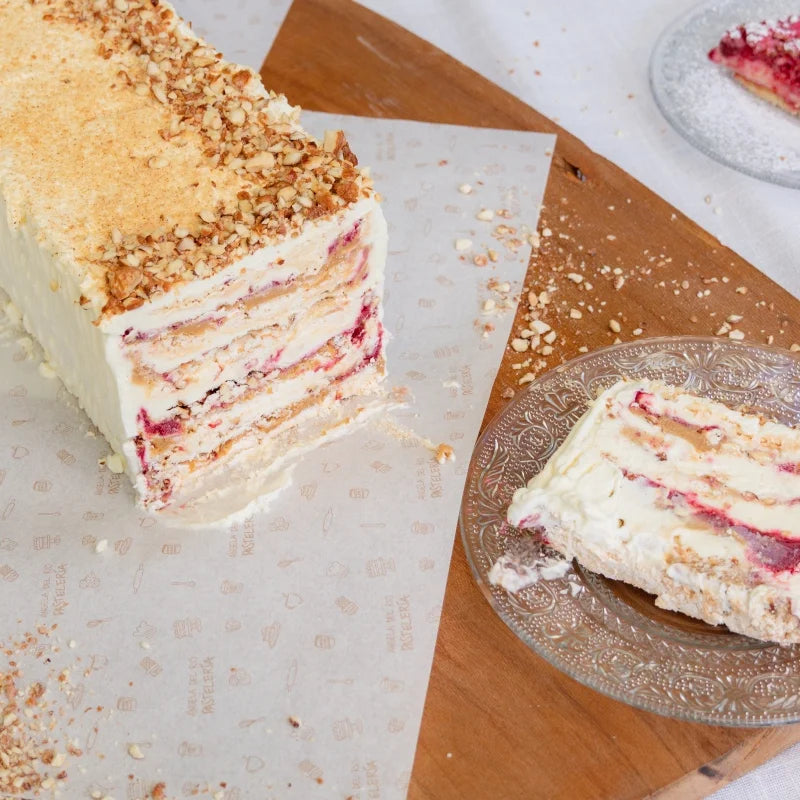 Torta Merengue Almendras Frambuesa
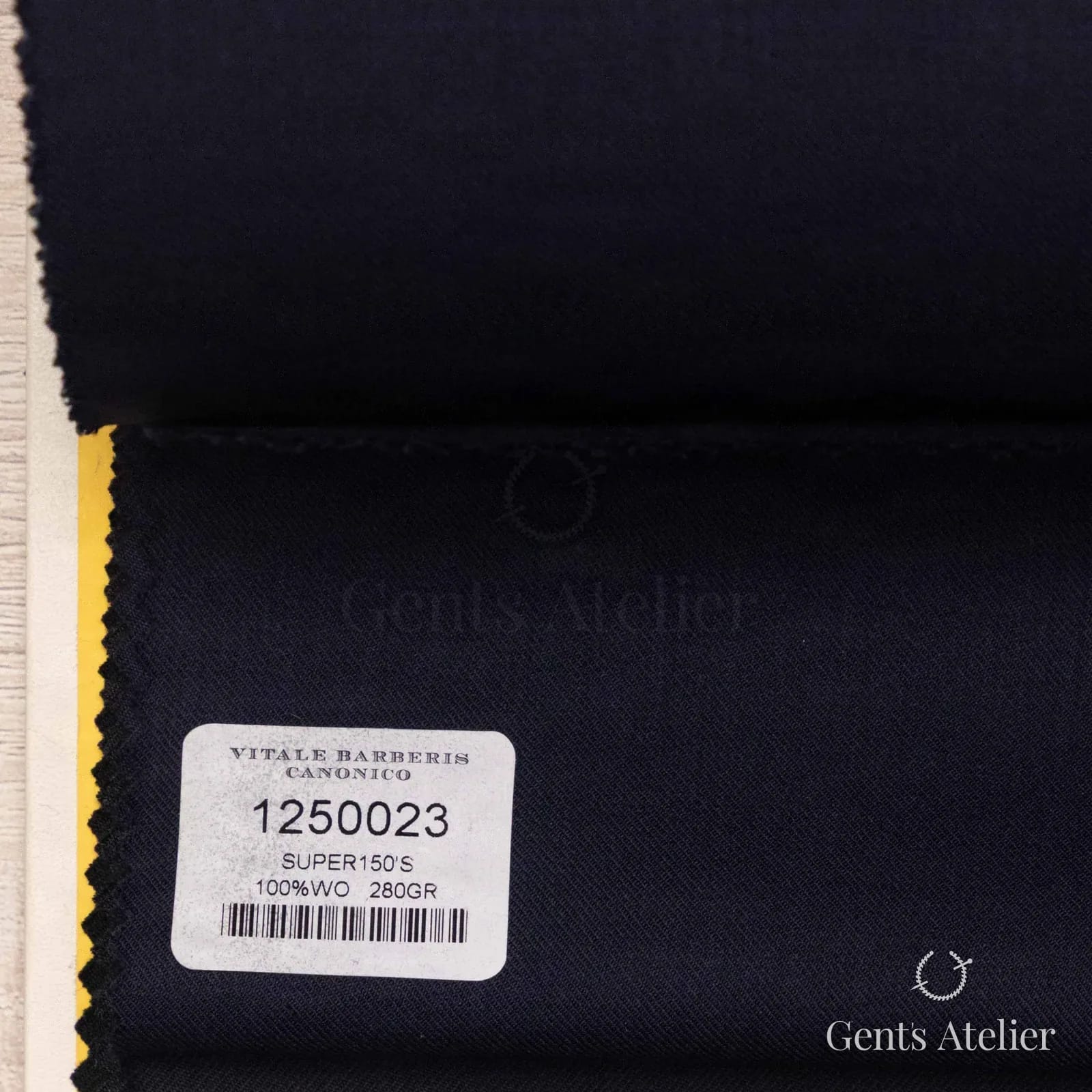 Образец ткани Vitale Barberis Canonico 1250023 с этикеткой, чёрно-синий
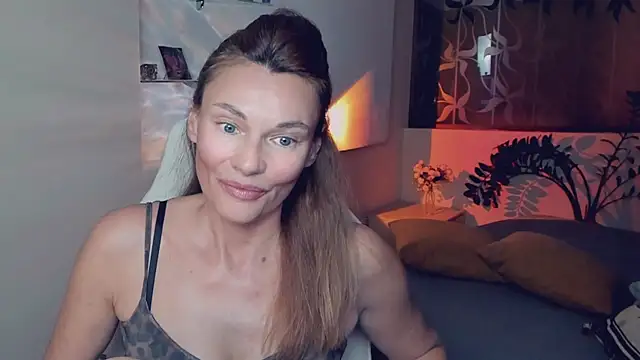 Snapshot of MistyBarnes chatting on June 15, 2026, 5:48 pm MistyBarnes online show from June 15, 2026, 5:48 pm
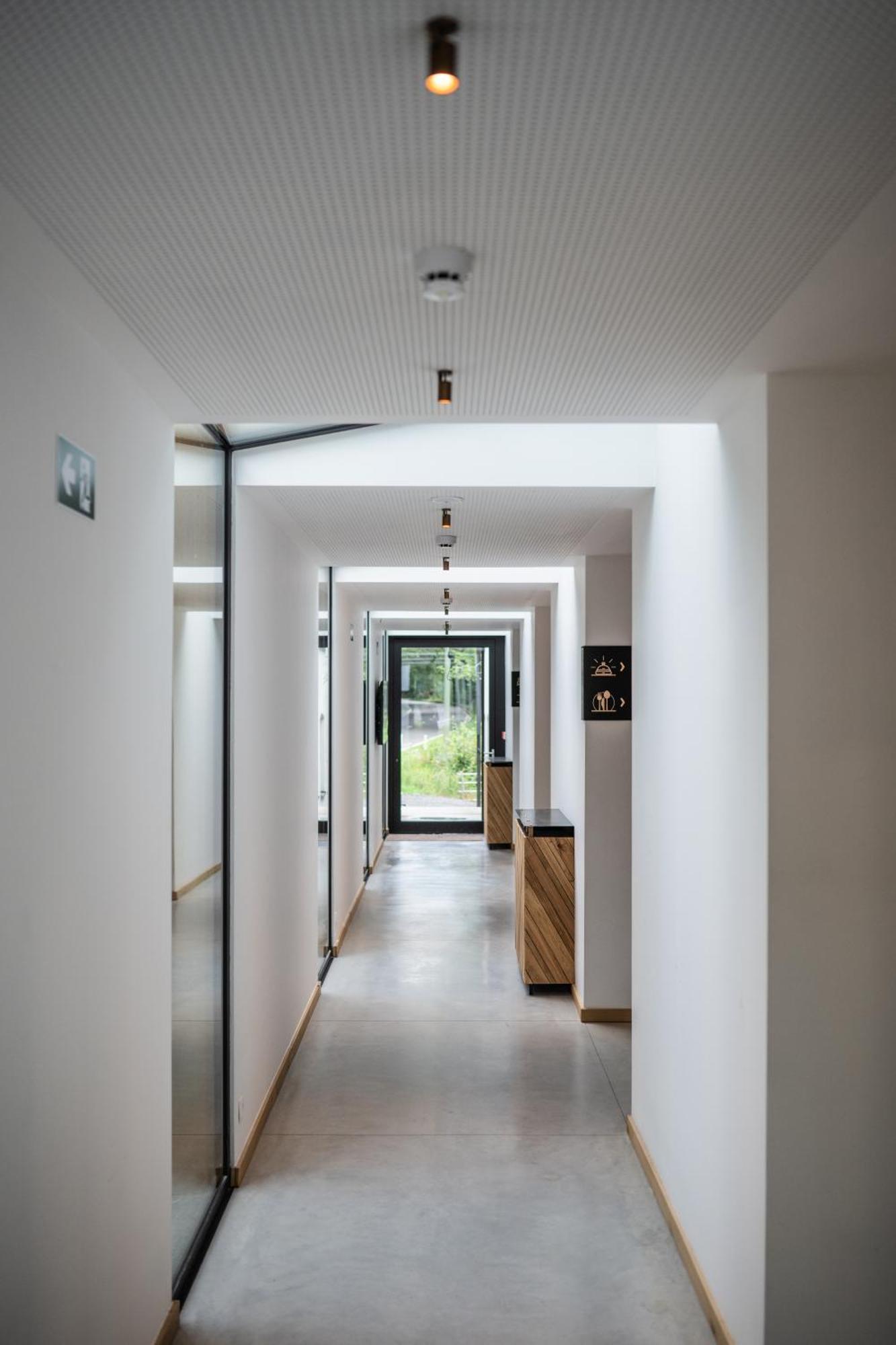 Hotel Hostellerie La Claire Fontaine, Logis Hotels & Spa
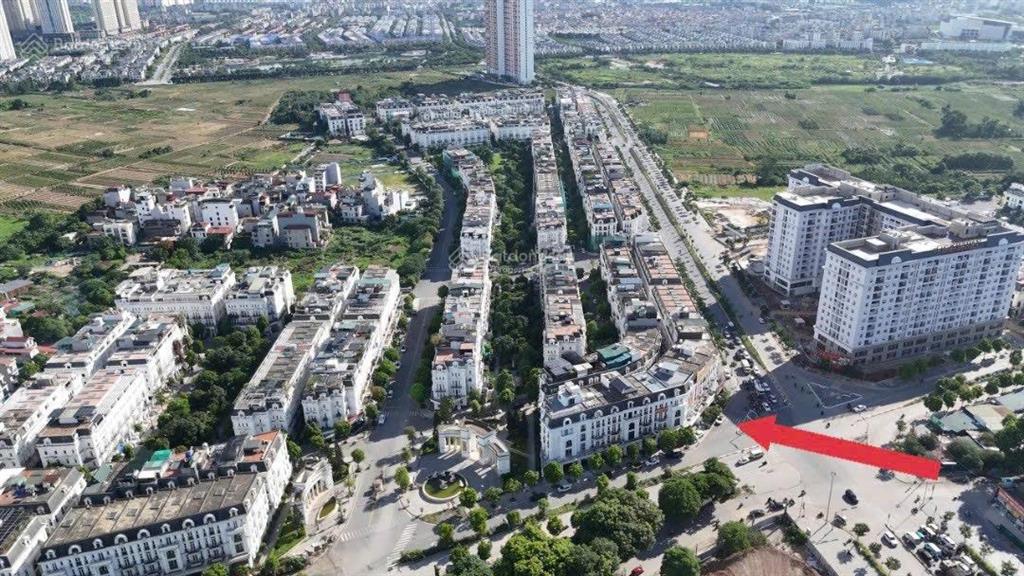 Giá sốc cần bán gấp sh vị trí đẹp nhất mặt đường lê giản giao cắt đường 70.  em ngay 0961 730 ***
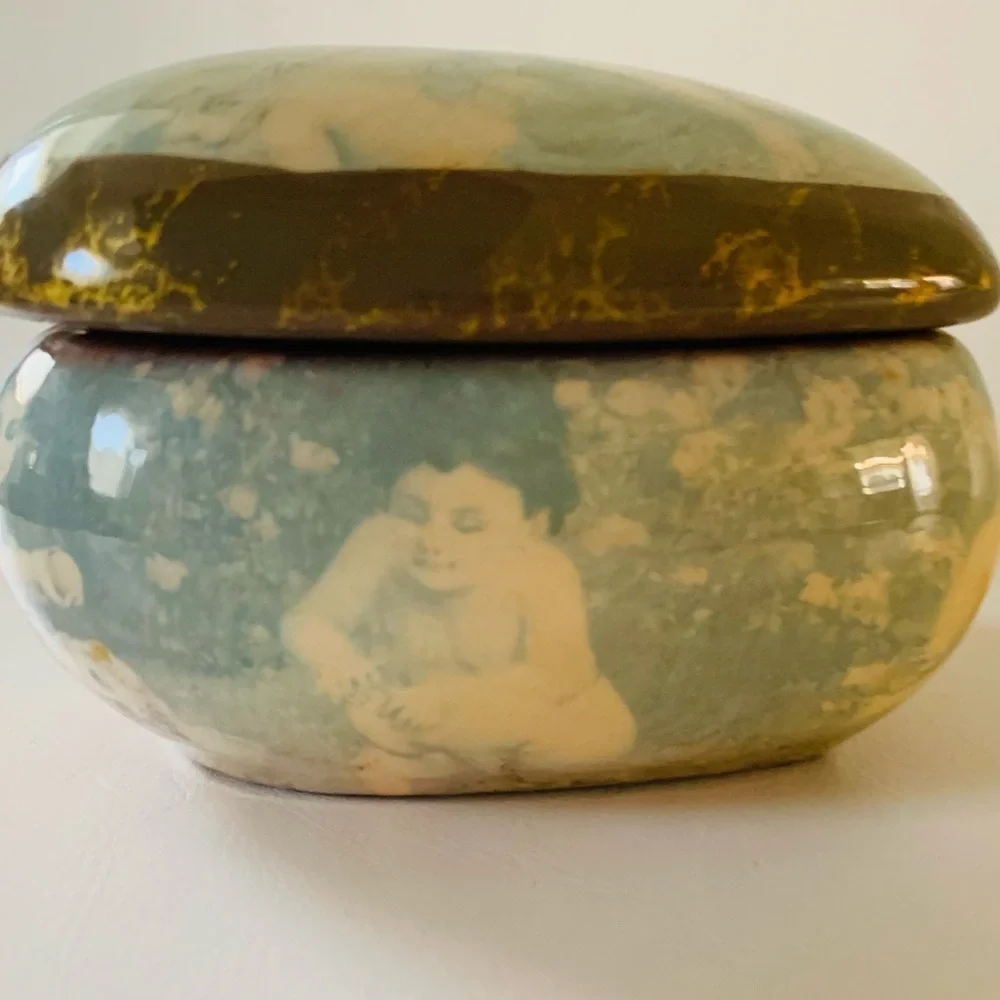 Trinket box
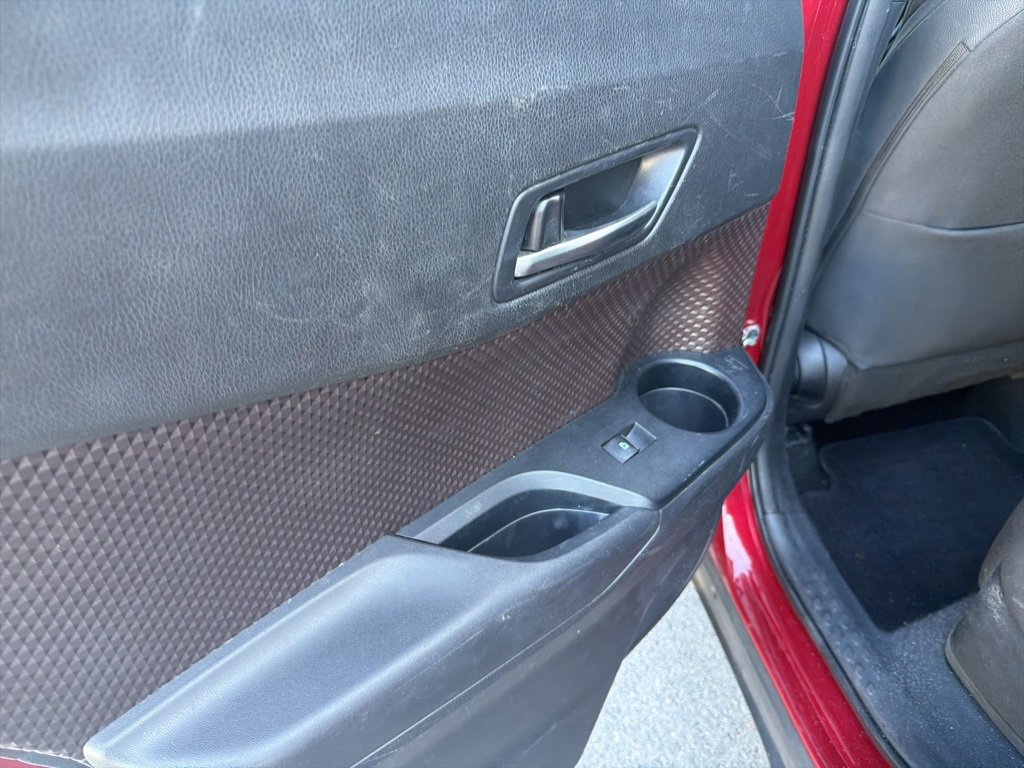 Used 2019 Toyota C-HR XLE image 9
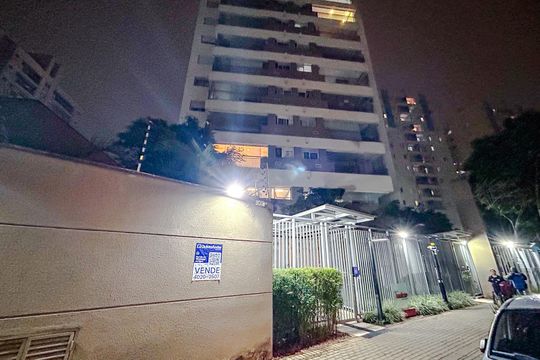 Fachada com Plaquinha de apartamento à venda com 3 quartos, 257m² em Chácara Seis de Outubro, São Paulo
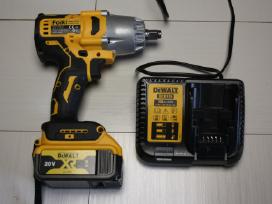 Verzliasukis baterija pakrovejas Dcb115 Dewalt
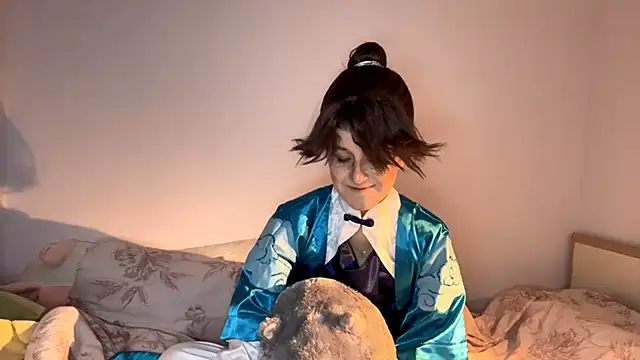 Snapshot of AnnamariaVieu chatting on 10/15/25, 03:56 AnnamariaVieu online show from 10/15/25, 03:56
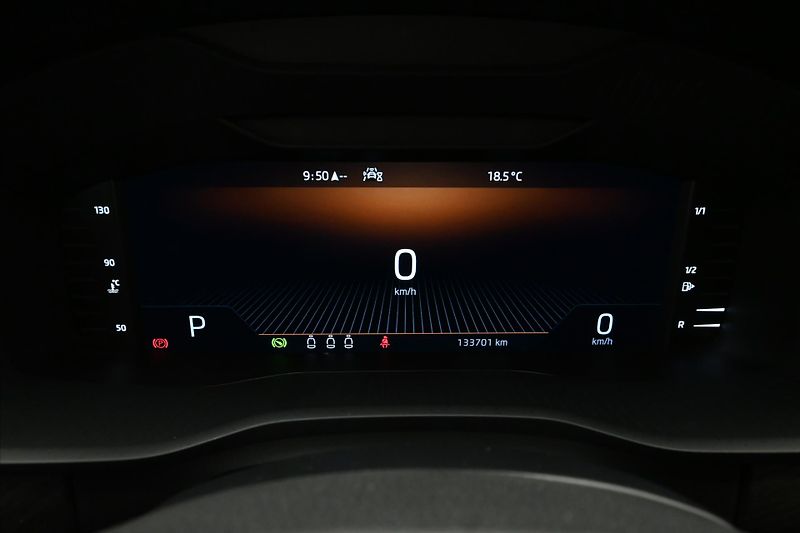 Škoda Kodiaq 2,0 TDI 147 KW 4x4 DSG Style Z - fotka 16 z 33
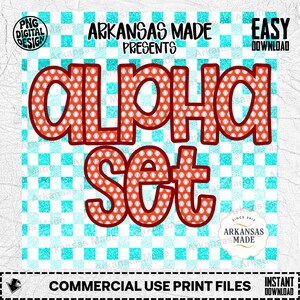 Peut inclure: Une conception numérique avec les mots "ALPHA SET" dans une police rouge avec un motif de baseball. Le fond a un motif à carreaux bleu et blanc. La conception comprend le texte "ARKANSAS MADE PRESENTS" et "EASY DOWNLOAD".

- _INSTRUCTIONS FOR THE TASK_
Everything in the listing above is to be given again exactly, apart from the pictures.

- _ANSWER SPACE_
 Torta Merengue Almendras Frambuesa
 Образец ткани Vitale Barberis Canonico 1250023 с этикеткой, чёрно-синий
 Snapshot of MistyBarnes chatting on June 15, 2026, 5:48 pm MistyBarnes online show from June 15, 2026, 5:48 pm
 Hotel Hostellerie La Claire Fontaine, Logis Hotels & Spa
 Giá sốc cần bán gấp sh vị trí đẹp nhất mặt đường lê giản giao cắt đường 70.  em ngay 0961 730 ***
 Trinket box
 Used 2019 Toyota C-HR XLE image 9
 Fachada com Plaquinha de apartamento à venda com 3 quartos, 257m² em Chácara Seis de Outubro, São Paulo
 Verzliasukis baterija pakrovejas Dcb115 Dewalt
 Snapshot of AnnamariaVieu chatting on 10/15/25, 03:56 AnnamariaVieu online show from 10/15/25, 03:56
 Škoda Kodiaq 2,0 TDI 147 KW 4x4 DSG Style Z - fotka 16 z 33
 Peut inclure: Une conception numérique avec les mots "ALPHA SET" dans une police rouge avec un motif de baseball. Le fond a un motif à carreaux bleu et blanc. La conception comprend le texte "ARKANSAS MADE PRESENTS" et "EASY DOWNLOAD".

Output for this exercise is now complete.